Matthew: They blend together sometimes in my addled brain, but the one where they do that famous test. It’s two people trying to lift a couch into their dorm room. They’re like, hey, can you give me help and lift this one flight of stairs? Eighty percent of the people say yes. You say the exact thing and you’re like, and I’ll pay you five bucks, and the response drops to twenty percent. All of a sudden, you’re asking people to put a monetary value on what was going to be a favor, and so it distorts — that’s a thing. In the case of the Obama campaign, the whole world just volunteering was the whole thing, everyone knew that, paid or not paid. It was trusting the unpaid ones. To treat them and give them access to the voter file as if they were paid members of staff was the big insight that they adopted early that made such a big difference, to open up, let go of control. The fear always is that, yeah, but, they might… It’s like, yeah, yeah, yeah, but it’s amazing what can be built if you give away that power.
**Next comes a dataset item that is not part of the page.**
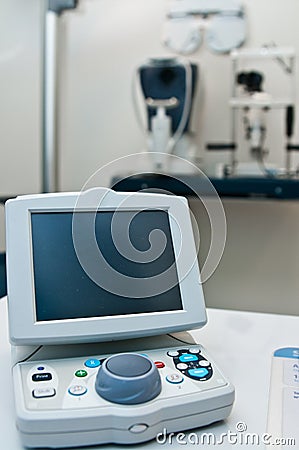 Modern optometrist dopter Stock Photo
Zibby: Obviously, you have so many unique perspectives on leadership. You’ve talked to so many leaders. They’ve blurbed your book and all this stuff. One thing you said was that a lot of leaders are afraid to signal that they don’t know what they’re doing when oftentimes, nobody knows what they’re doing. That immediately puts up a barrier between them and everybody else. The future is often uncertain, especially in startup mentality and different organizations. To have a leader who suggests otherwise is almost immediately inauthentic because it’s not true. You can’t trust them from the start, somehow. Not can’t trust, but — anyway, talk to me about the power of being open about the realities of running a business.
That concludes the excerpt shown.